Kein Test auf Antikörper gegen andere Flaviviren

Die Studie hat auch Schwächen. So haben die Wissenschaftler vor Impfung das Blut der Probanden nicht auf Antikörper gegen andere Flaviviren – Zikavirus, Dengue- oder West-Nil-Virus – untersucht. Das könnte die Immunreaktion auf das Gelbfiebervirus beeinträchtigen, geben die Studienautoren zu bedenken.

Gut zu wissen: Wie wird Gelbfieber übertragen?

Gelbfieber zählt wie Ebola-, Dengue-, Hanta-, Lassa- oder Krim-Kongo-Fieber zu den viralen hämorrhagischen Fiebern, die häufig mit Blutungen einhergehen. Gelbfieber kann nicht direkt von Mensch zu Mensch übertragen werden, allerdings können Mücken als Vektor für das Gelbfiebervirus fungieren und es so von einem infizierten Menschen auf einen nichtinfizierten übertragen. Sticht die Mücke einen Infizierten (Mensch oder auch Affe), braucht das Virus in der Mücke etwa eine Woche, um sich zu vermehren, in die Speicheldrüsen der Mücke zu gelangen und mit dem Stich sodann in einen neuen Wirt überzugehen.

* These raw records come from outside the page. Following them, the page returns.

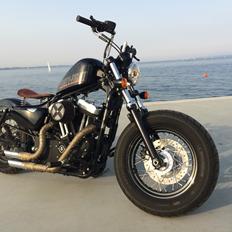 Harley Davidson Forty Eight, XL1200X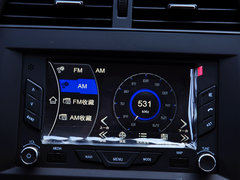 瑞虎3 2014款 1.6L CVT 尊尚版 5座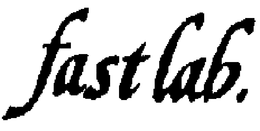 FASTLAB. trademark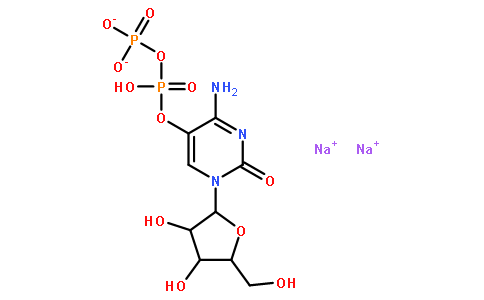54394-90-0/5-胞苷二磷酸二钠盐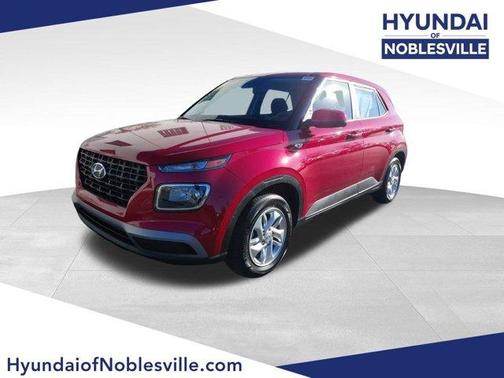 2023 Hyundai VENUE SE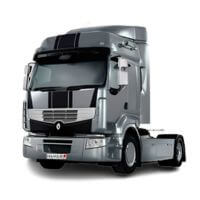 Schneeketten für LKW und Nutzfahrzeuge Renault Trucks PREMIUM
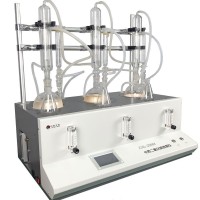 中世沃克 ZSO2-3000A  中藥二氧化硫檢測儀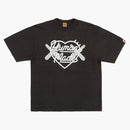 Human Made X Kaws Graphic T-shirt Black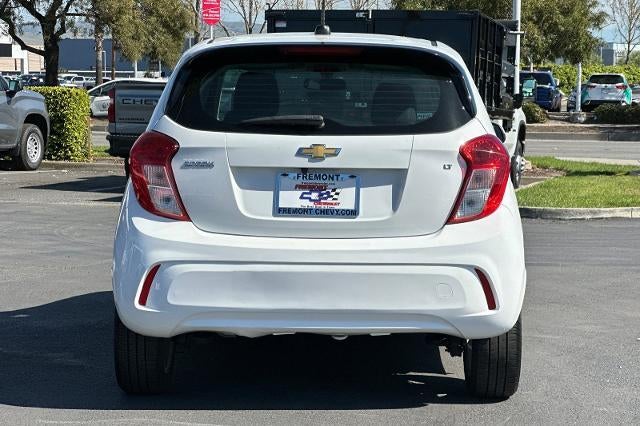 2022 Chevrolet Spark 1LT Automatic
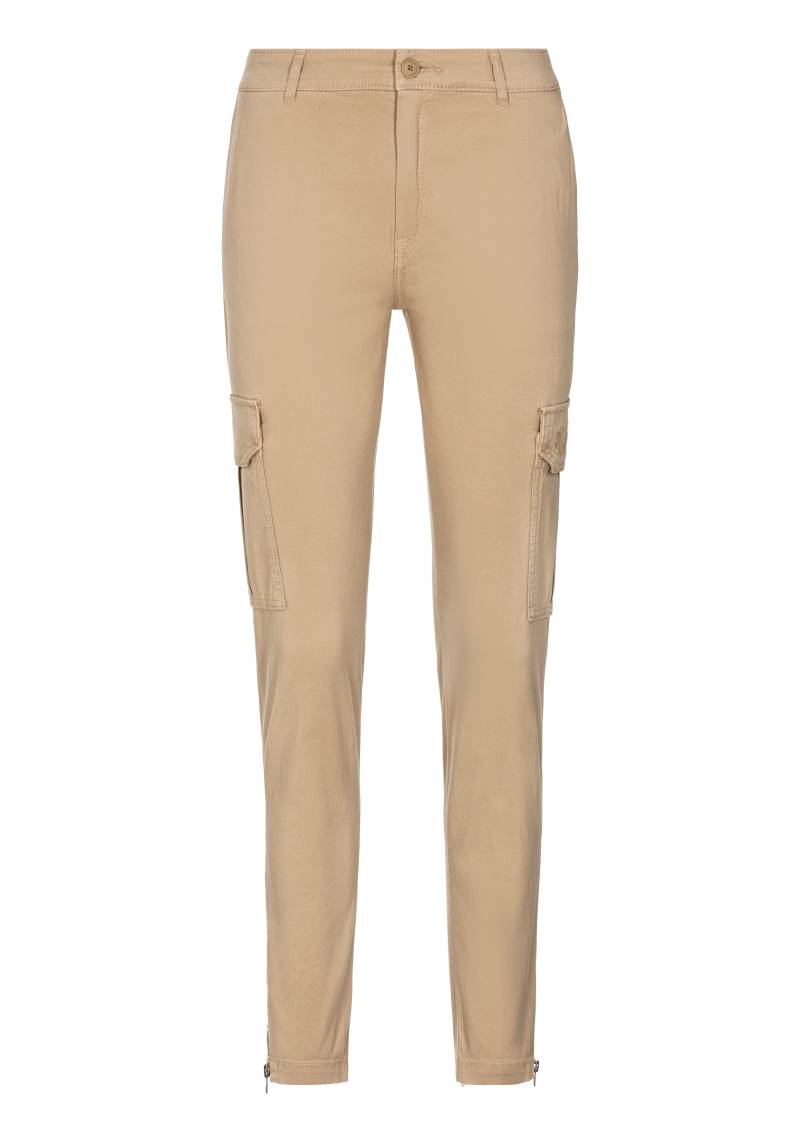 HUGO Blue Cargohose »Hasuny«, mit Cargotaschen & Pattentaschen von HUGO Blue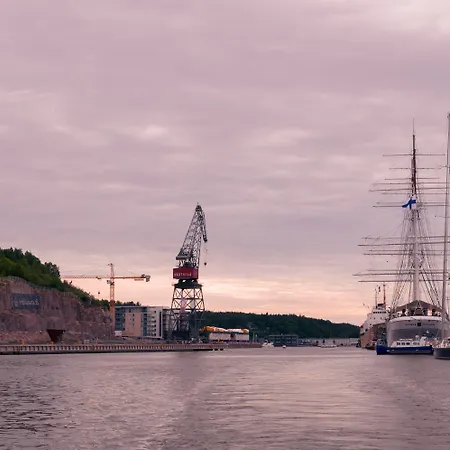 Omena Kauppiaskatu فندق 2*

Fünfmal mehr Menschen schützen

Abschließend empfehlen die Wissenschaftler: „Die Ergebnisse stützen das Impfen bei Erwachsenen mit nur einem Fünftel der Standarddosis mit einem der vier von der WHO zugelassenen Gelbfieberimpfstoffe, wenn bei Ausbrüchen die Standarddosen nicht ausreichen, um die gefährdete Bevölkerung zu schützen.“ In Teilstudien soll nun auch die Wirksamkeit der verringerten Impfdosis bei Kindern im Alter zwischen neun Monaten und fünf Jahren bewertet werden.

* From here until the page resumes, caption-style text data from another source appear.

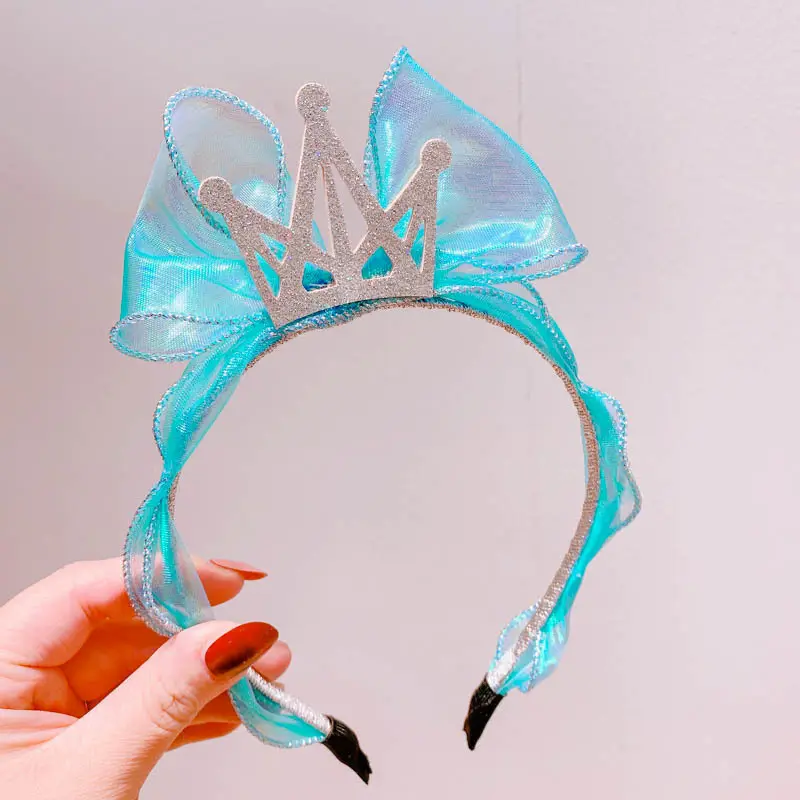 Hd1169A1 Korean Princess Wind Bright Face Mermaid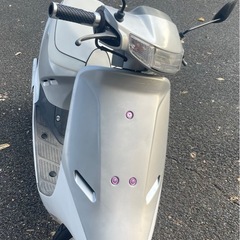HONDA ディオ AF18
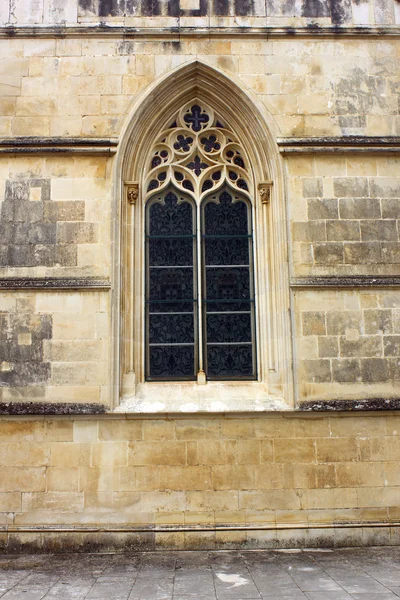 Kloster batalha, batalha, portugal lizenzfreie Stockbilder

Myriam Henkens, internationale medizinische Leiterin von „Ärzte ohne Grenzen“, fasst den Nutzen dieser Erkenntnisse zusammen: „Wenn große Gelbfieberepidemien ausbrechen, brauchen die betroffenen Staaten und Ärzte ohne Grenzen schnell Impfstoffe.“ Und weiter: „Die Impfung ist die wichtigste Vorbeugungsmaßnahme gegen die Krankheit. Diese Studie zeigt, dass Gesundheitsmitarbeiter ruhigen Gewissens auch kleinere Dosen von jedem der von der WHO geprüften Gelbfieberimpfstoffe verabreichen können. Sie wissen nun, dass auch diese Dosis ihre Patienten schützt und sie so gleichzeitig mehr Menschen schützen können.“

Gut zu wissen: Wo tritt Gelbfieber auf?

Der WHO zufolge sind 47 Länder endemisch für Gelbfieber oder es gibt zumindest Regionen dort, die endemisch für Gelbfieber sind: Es sind 34 Länder in Afrika (u. a. Angola, Chad, Demokratische Republik Kongo, Kenia, Mali, Niger, Nigeria und Sudan) und 13 in Mittel- und Südamerika (u. a. Bolivien, Brasilien, Peru und Venezuela). Laut „Ärzte ohne Grenzen“ lebt mehr als eine Milliarde Menschen in Gelbfieber-Endemiegebieten. Jährlich erkranken etwa 200.000 Menschen, 30.000 versterben.